Other Chinese works of art in the sale, consigned by other owners, included a fine Ming dynasty, late 17th century ivory standing figure of Guanyin carrying a child, which sold for £4,900. Standing 9.5ins (24.1cm) high, on an oval hardwood stand, it was one of four pieces of early, carved ivory collected by a wealthy American banker.
All four were purchased by a Chinese bidder in the room who was in turn on the telephone to another Chinese bidder.
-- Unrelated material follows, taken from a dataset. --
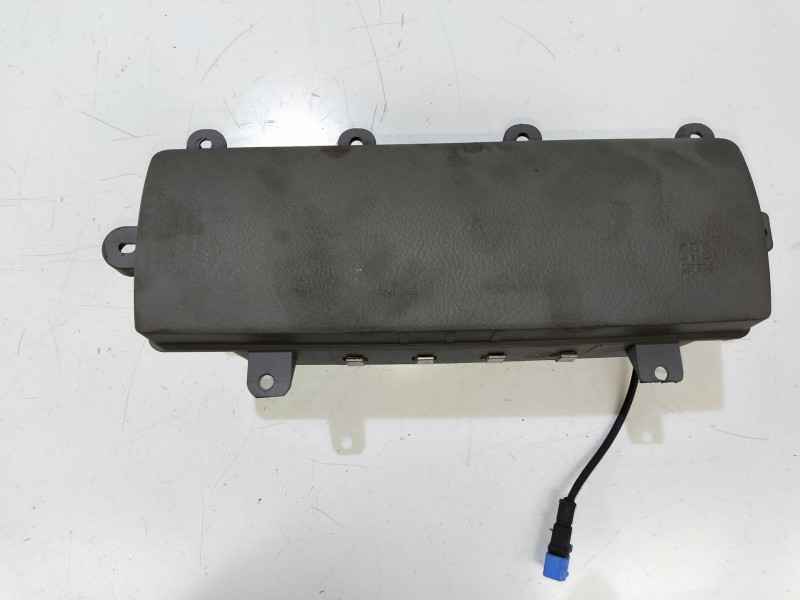 Recambio de kit airbag para kia rio 1.5 cat referencia OEM IAM   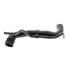 Vaico V30-1950 Coolant Hose manguera p. radiador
They included a late 17th century scholar’s vase with ribbed decoration, which sold for £3,800; a group of tea bowls and saucers, selling for £1,550; and a double gourd puzzle vase with a carved chain of four monkeys, which sold for £1,250.
A Chinese rosewood sideboard with three frieze drawers and a cupboard with a pair of folding doors, the entire front carved profusely with dragons and cloud motifs, sold to a Surrey-based Chinese buyer for £2,700.